Cruzamos el río Omo, de unos 500m de anchura, en una canoa hecha de un tronco de árbol vaciado. El agua era de color fangoso por el lodo que arrastraba, y la corriente tenía bastante fuerza. Alcanzamos la otra orilla, donde había una pequeña aldea. A partir de allí hicimos una caminata de 5km en el día más caluroso de todo el viaje, con temperatura de 40º. El paisaje era muy árido y seco, con una luz anaranjada.
Llegamos a otra aldea en un terreno plano y bastante seco, con varias chozas circulares. Estaban hechas con cañas troncos y algún trozo de uralita oculto entre las cañas. De algunas chozas donde cocinaban, salía un humillo.
Había algunas
chicas jóvenes peinadas con trencitas, con el pecho descubierto, y que se adornaban con collares, brazaletes en los
brazos y cintas en el pelo.
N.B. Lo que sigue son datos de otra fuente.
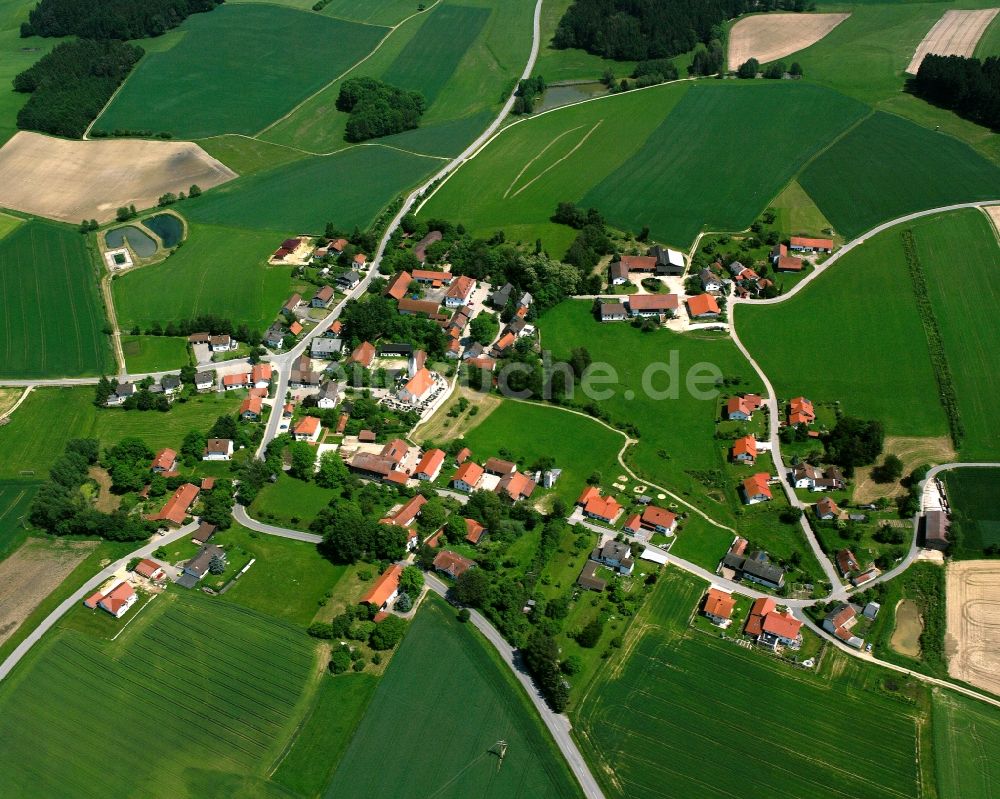 Luftaufnahme Reicheneibach - Dorfkern am Feldrand in Reicheneibach im Bundesland Bayern, Deutschland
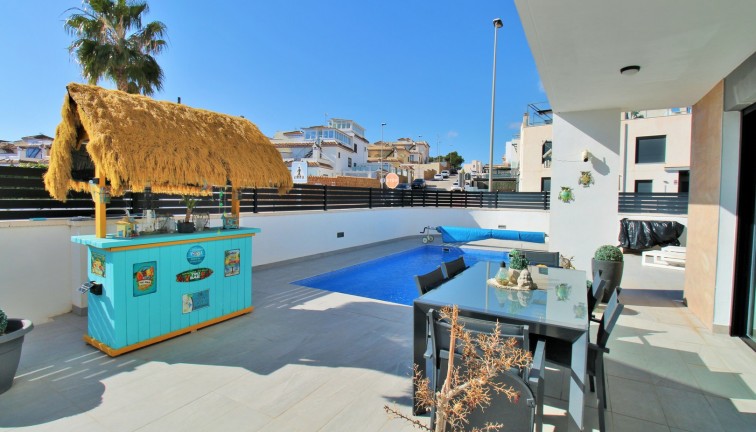 Resale - Chalet - Villamartín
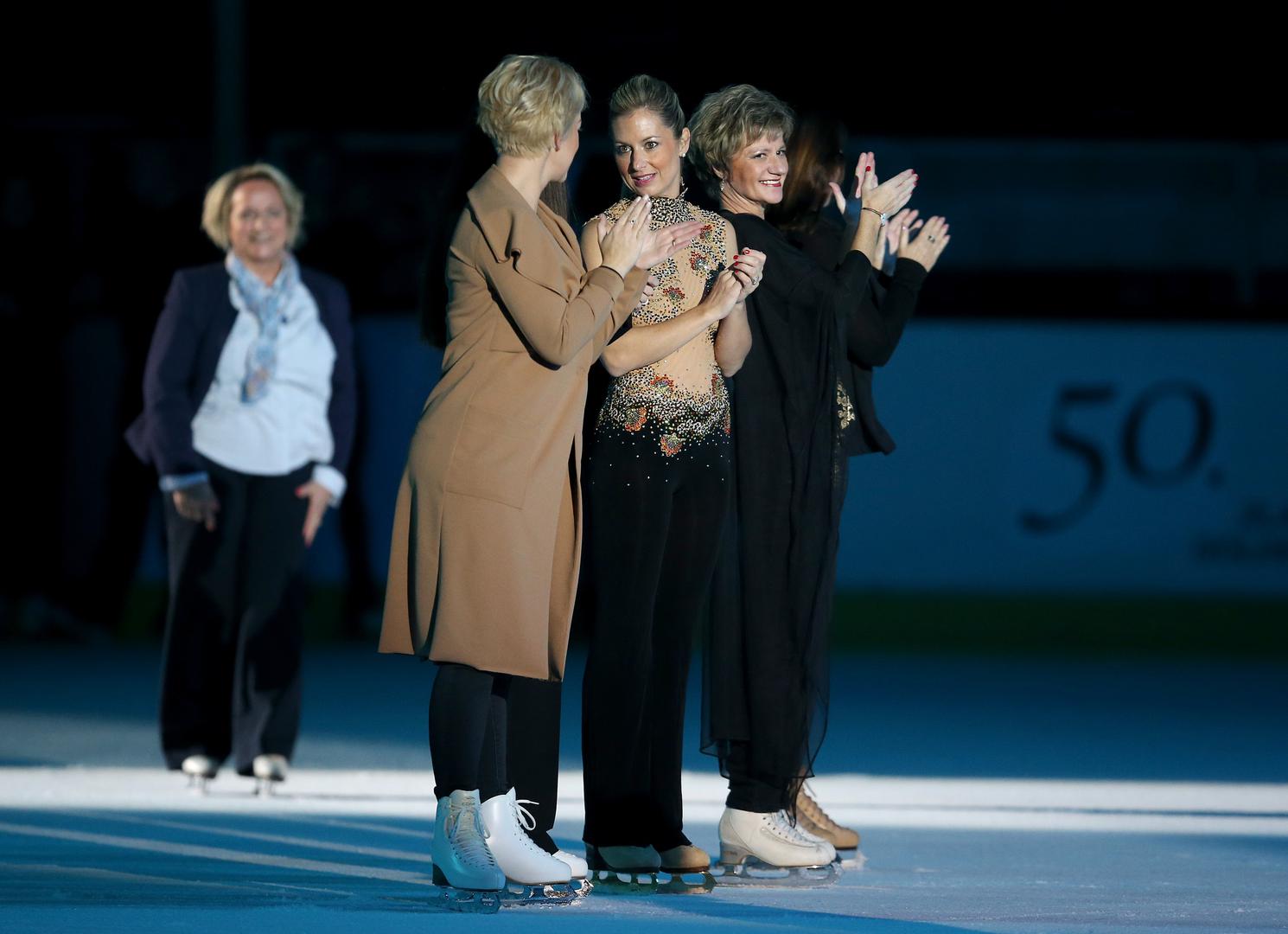 Na 50. Zlatnoj pirueti, koja se od 6. do 9. prosinca održava u  Zagrebu nastupit će više od 150 klizača. Na svečanoj reviji na otvaranju sudjelovali su mnogi naši klizači Sanda Dubravčić Šimunjak, Idora Hegel, Ivana Jakupčević, Melita Juratek Cipek, Josip Cerovec, Boris Martinec, Josip Gluhak...
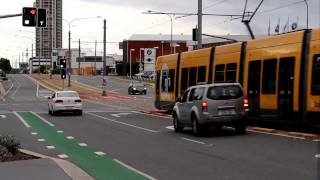 Gold Coast Light Rail: Traffic light priority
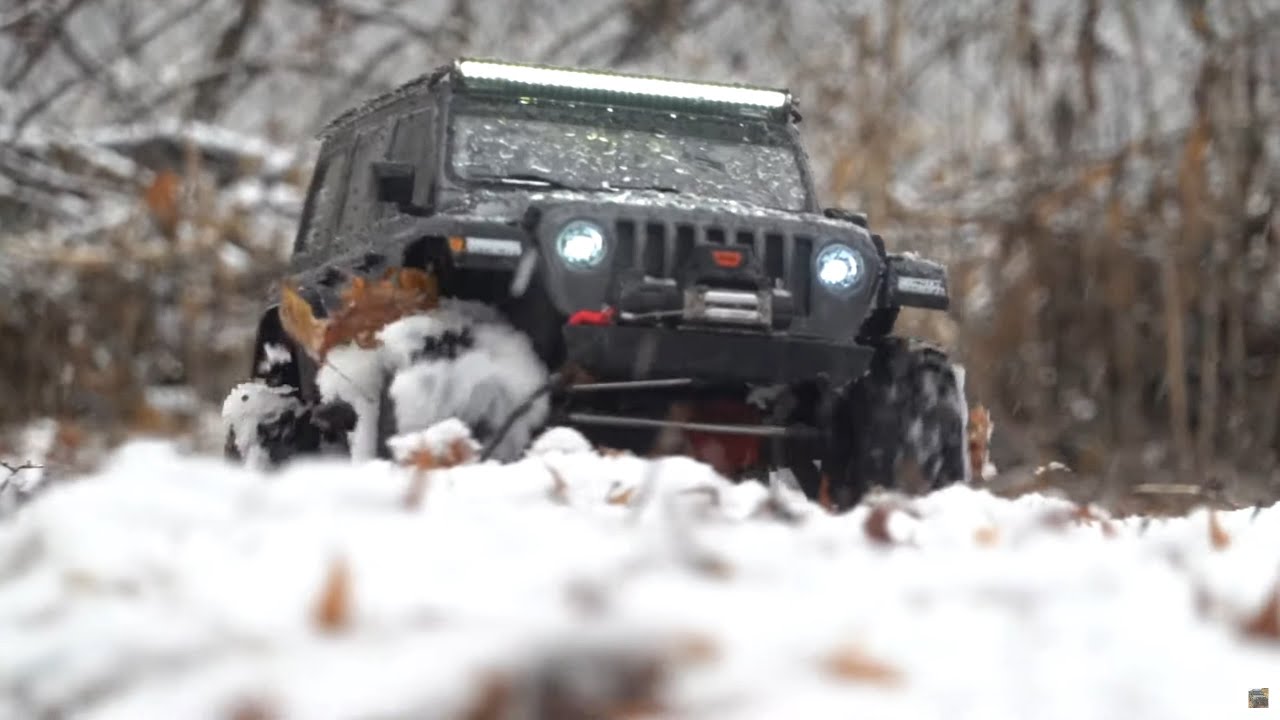 1/10 Scale SCX10-III | Jeep Rubicon JL | Off-road adventure in the snow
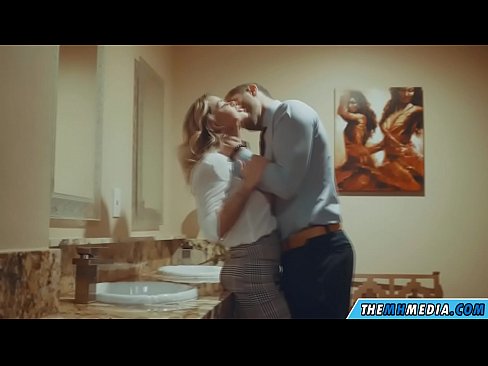 ❤️ Ilehoria busti batek komun publiko batean seduzitzen zaituenean ️❌ Sexu bideoa %eu.f150pulse.topan ❤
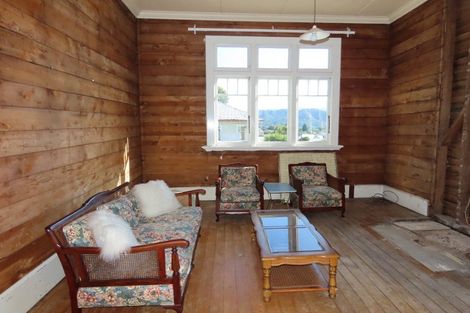 Photo of property in 28 Broadway, Reefton, 7830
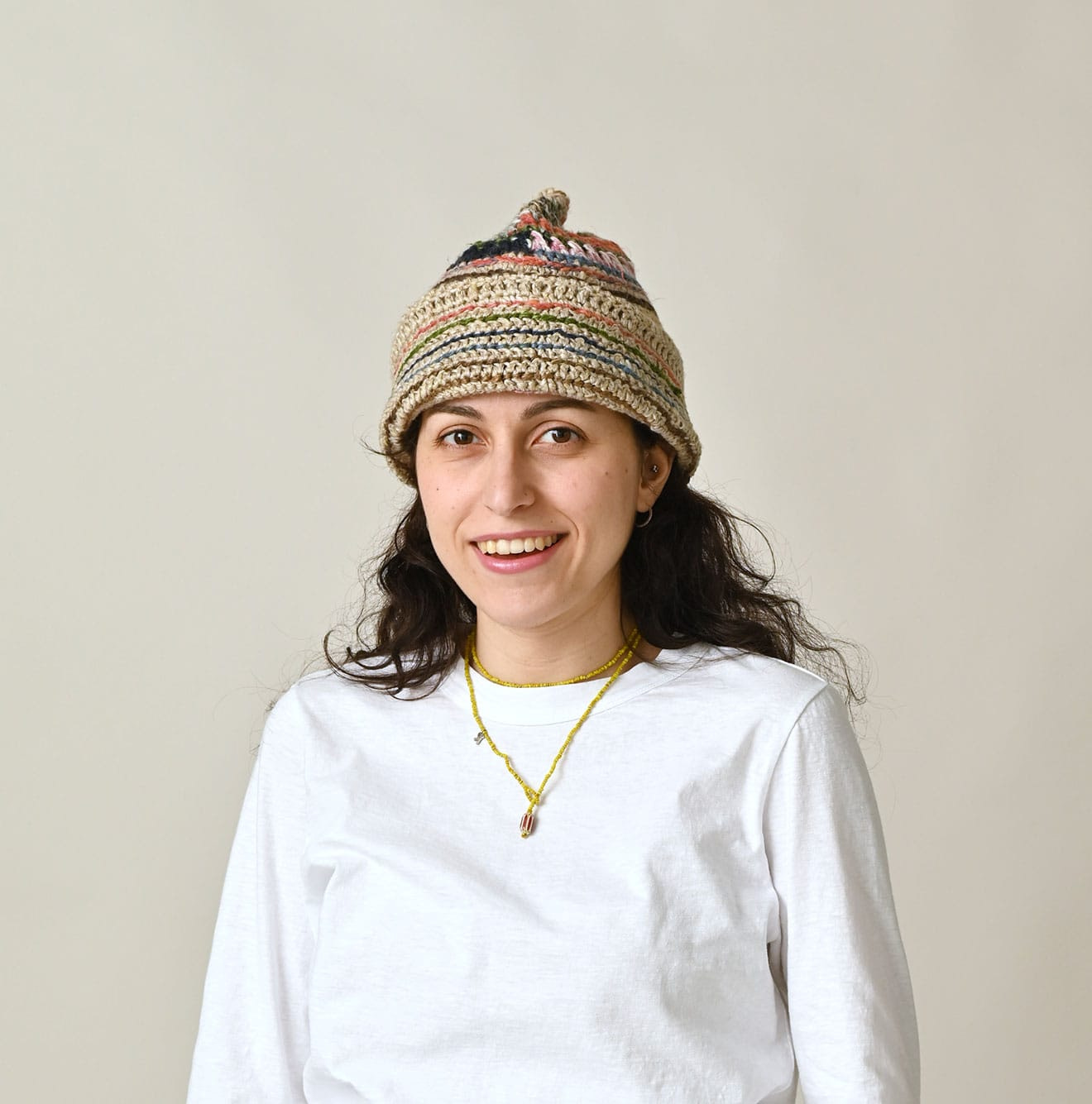 Linen Rug Knitted Cap Female Model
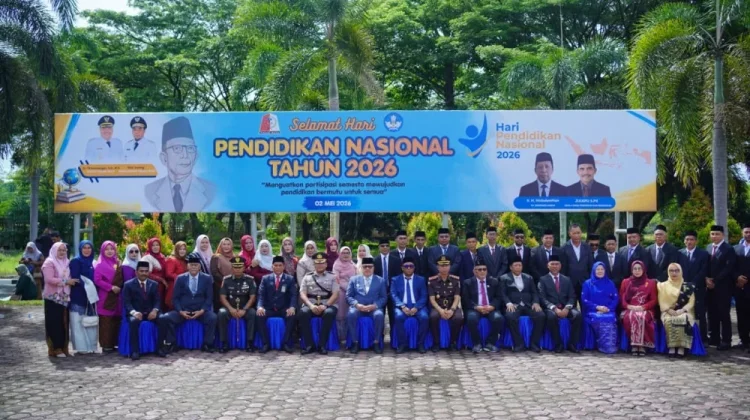 Bupati Nagan Raya TRK Pimpin Upacara Hardiknas 2026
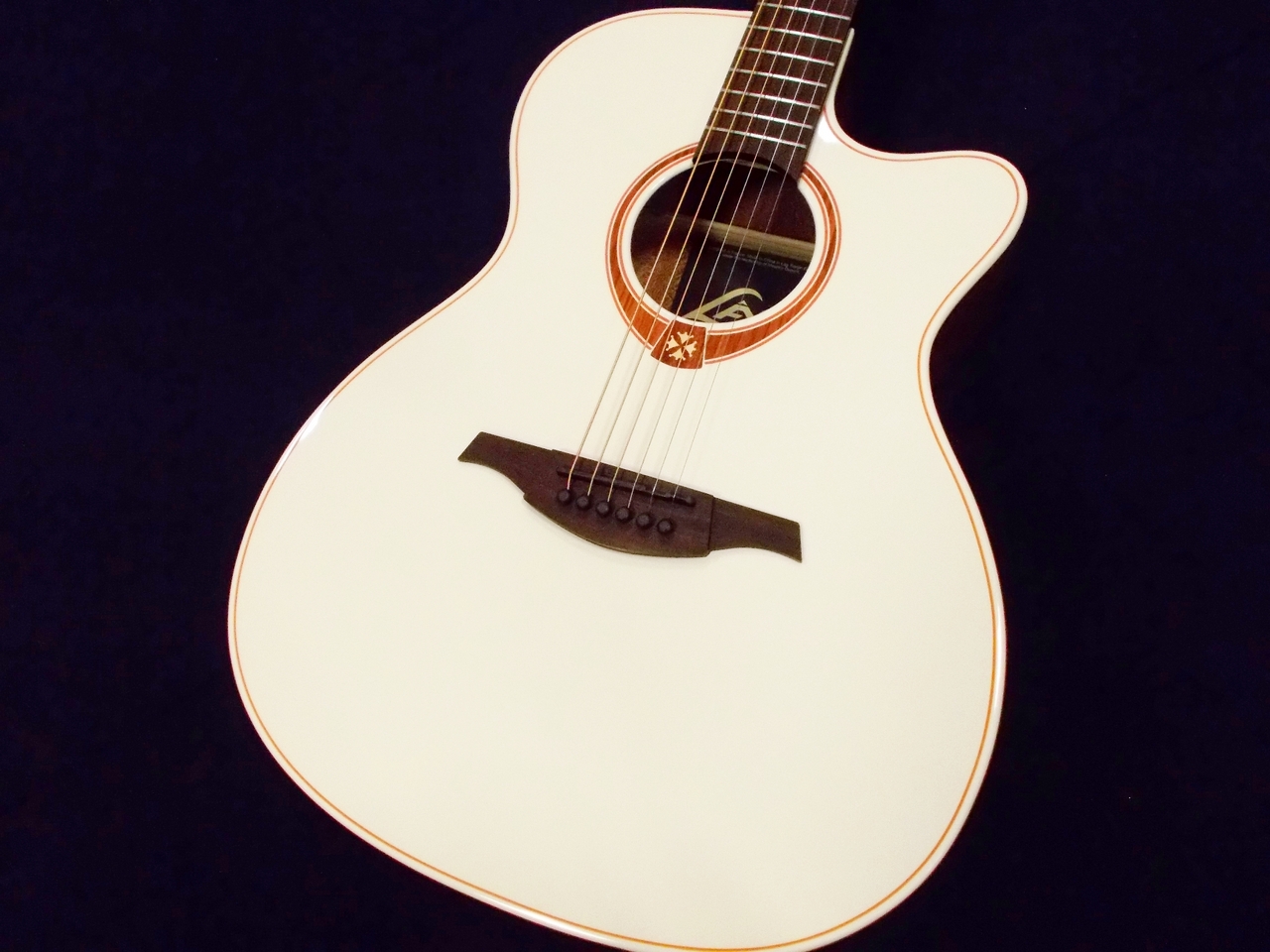LAG Guitars T-IVO-ACE（新品特価）【楽器検索デジマート】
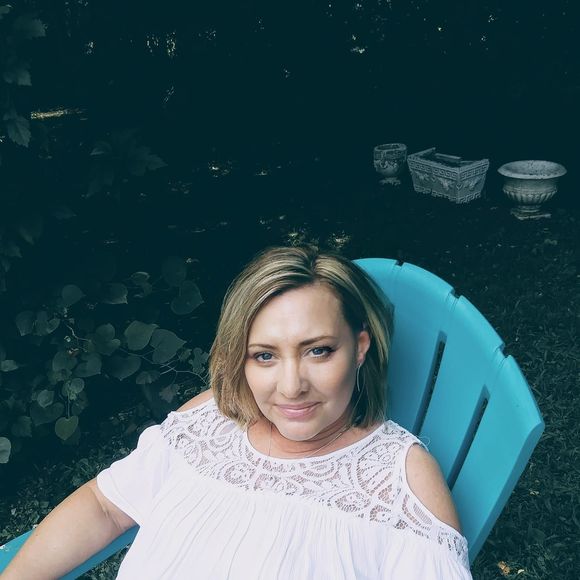 Sandra Tabor - Poshmark Profile Picture of Sandra Tabor (@sandratabor27) on Poshmark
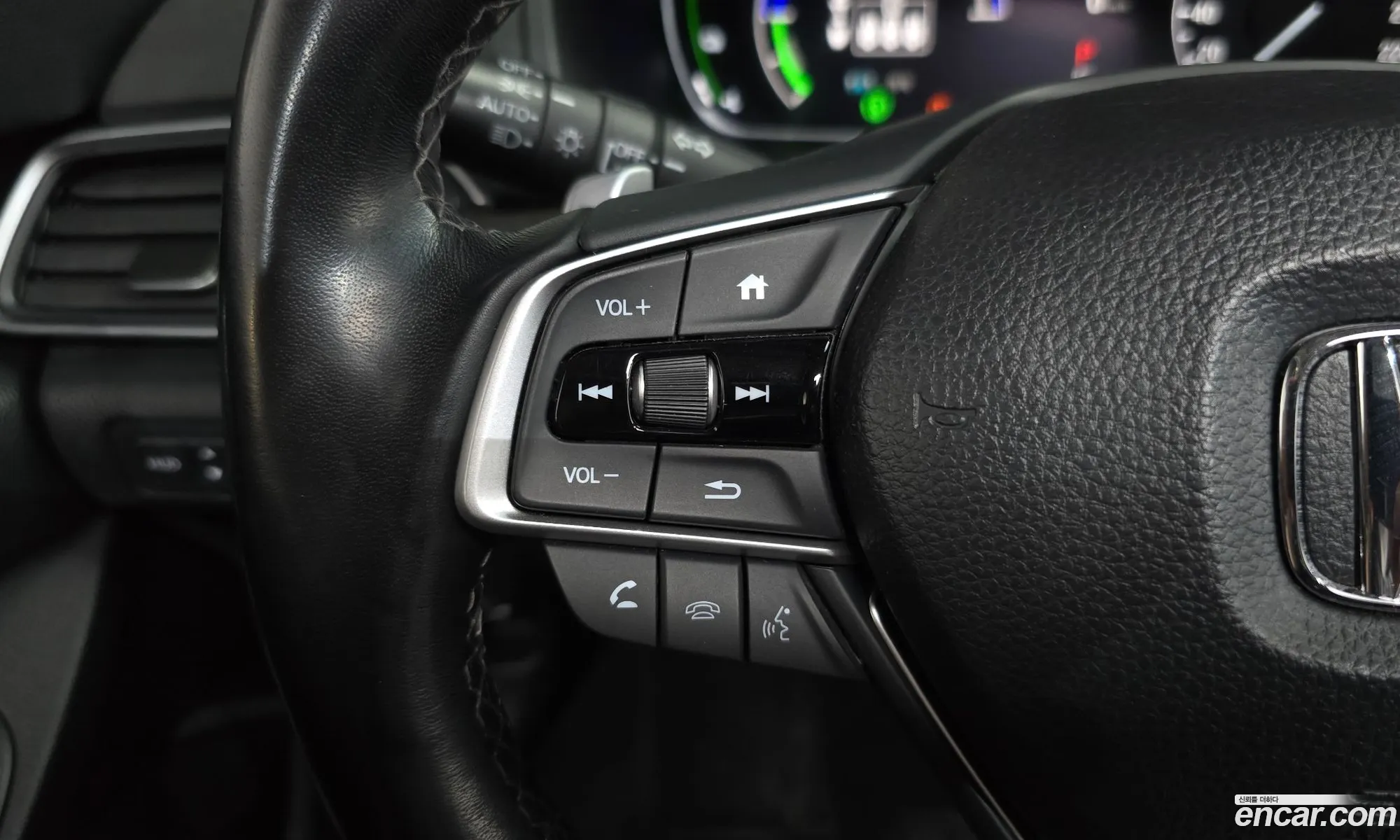 Honda Accord 10th Gen 2021 — 32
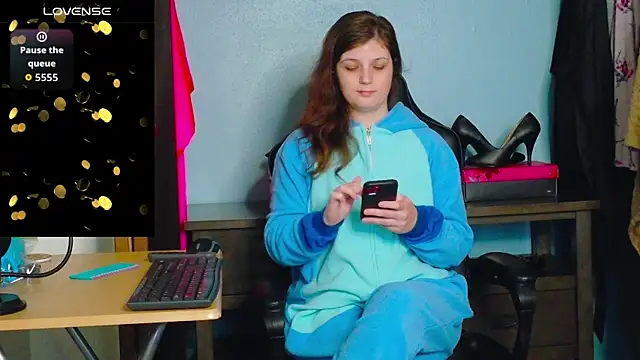 TreeJeanne online show from 11/01/25, 03:13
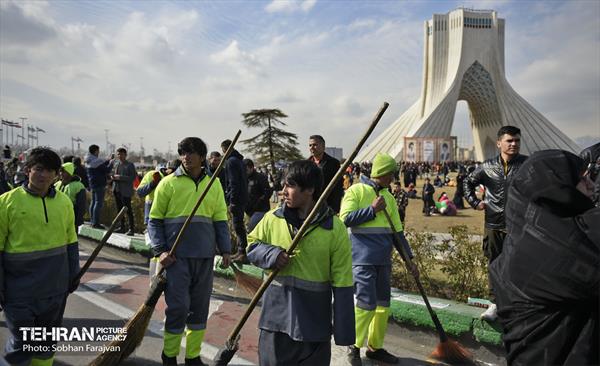 خدمات شهرداری تهران در پایان راهپیمایی ۲۲ بهمن 6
Eran tímidas, pero nos mostraron el interior de las
chozas y accedieron a fotografiarse. Nos mostraron sus Borkotas, los reposacabezas
de madera que utilizaban para dormir y también como asiento. Los etíopes lo
solían transportar cogidos por el asa. La madera estaba labrada, con dibujos
geométricos que variaban según la tribu.
En el exterior de
las chozas, sobre una construcción elevada de troncos, almacenaban el mijo,
sorgo y maíz, para mantenerlo en alto fuera del alcance de los animales.
Utilizaban calabazas para guardar cosas, como en toda Etiopía. Fuera de
las chozas se veía poca gente, y no era extraño con el calor que hacía. Algunos
se agrupaban bajo la sombra de un árbol. Los hombres estaban trabajando en el
campo.
Al final de la excursión y al despedirnos de Guele, nuestro joven guardián del Kalsnikov, le compramos su borkota, que guardamos como recuerdo en casa. El Parque Nacional Omo era Patrimonio de la Humanidad. Fue curioso comprobar como aquellos pueblos mantenían su forma de vida tradicional, en unas condiciones bastante difíciles.